Крианна взяла племянника под локоть, и они направились во дворец, склонив головы и тихо переговариваясь о чем-то своем, королевском.
– Он станэт вэликим королем, – вдохновенно произнесла Извель, глядя вслед Гардио. – Роуэн Пэчальный.
– Лишь бы ему было чем править, – заметил Атос. – Если мы не справимся с напастью, которая поглощает Королевства, его запомнят как Роуэна Без Трона, властелина разрушенной страны и убитого народа.
Имя пятое: Извель
Мы гуляли по Ярвеллу второй день. Холод, который принес на своих плечах новый король, решил погостить в столице подольше. Для юга этот зябкий, колющий ветер, от которого стынут пальцы, был в новинку. Но, кажется, измотанные жители города уже не обращали внимания на такие мелочи, как холодное утро.
Мы с Извель шли по пыльным улочкам и говорили. Обо всем на свете: о людях, книгах, растениях, природе вещей и чувствах. Не упоминали только о самом главном, старательно избегая тем, касавшихся нашего общего прошлого или еще более пугающего совместного будущего. Когда мы проходили под вывеской булочной и нас окутал аромат свежеиспеченного хлеба, мы застыли, точно два ребенка, перед огромным прилавком, выходившим прямо на улицу. Некоторые торговцы легче перенесли войну, и их дело процветало, как и у этого булочника. На лотках и деревянных подносах дымились маленькие улитки с корицей, огромные ржаные караваи, плоские соленые лепешки с кунжутом и тмином. Но нас с Извель манили, конечно, пирожные, которые притаились в самой глубине: с марципановыми цветами и белоснежной ванильной посыпкой.
– Нечего тут околачиваться! – прикрикнул булочник. – Либо покупайте, либо проходите.
Я собиралась уже поставить наглеца на место, как вдруг кто-то окликнул:
– Леди!

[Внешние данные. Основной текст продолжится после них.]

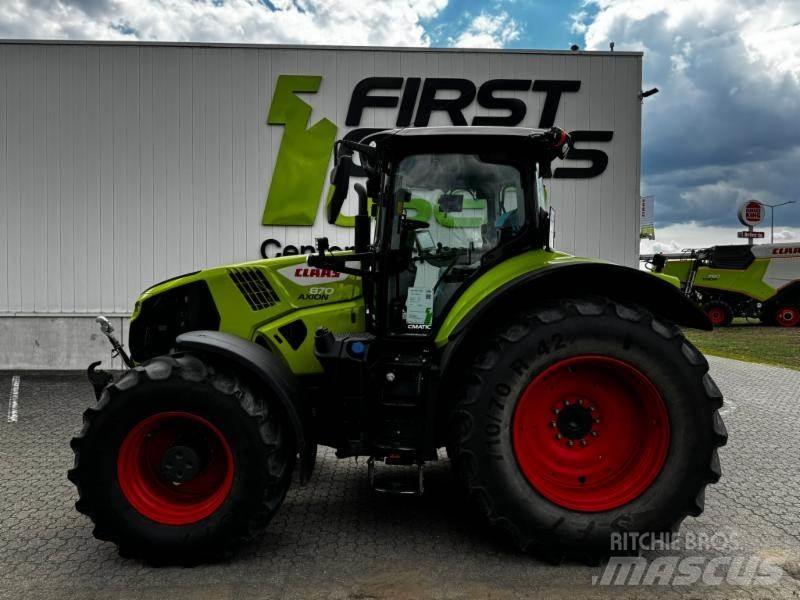 CLAAS AXION 870 Tracteur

Эй, леди?
Я обернулась и увидела чернобрового хозяина таверны «Тромбон и гусь». Оказывается, булочная, которая нас привлекла, расположилась прямо напротив этого самого питейного заведения. Мы с Извель приблизились к моему знакомцу, и тот даже присвистнул от удивления.
– Госпожа с белой кожей, одетая как ока. И ока, обряженная как королевская фрейлина. Более странной парочки я раньше не встречал. Мне-то все равно, но вот наш Нэврин, – владелец таверны кивнул на булочника, который демонстративно от нас отвернулся, – тот еще сноб. А вы еще меня пытались обвинить в предрассудках! Но мое предложение все еще в силе.

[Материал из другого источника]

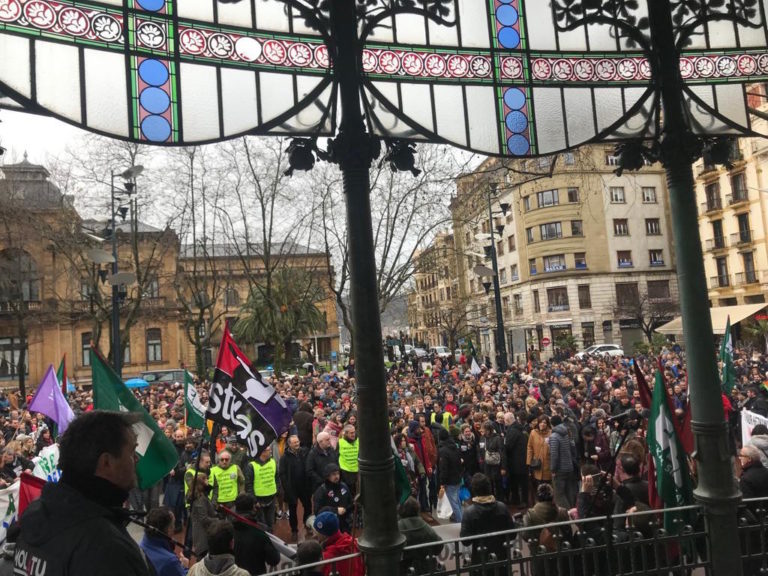 Gizarte Ekimeneko ikastetxeetako urtarrileko zortzigarren eta azken greba egunak ere jarraipen zabala izan du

Мы воспользовались радушием хозяина, который представился как Шмулс, и вошли в «Тромбон и гусь». Наверное, пить красный, сладковато-перченый эль более соответствовало нашему возрасту, чем глазеть на пирожные. Заняв столик в самом углу, мы продолжили разговор, правда, внезапно повернувший в другое русло.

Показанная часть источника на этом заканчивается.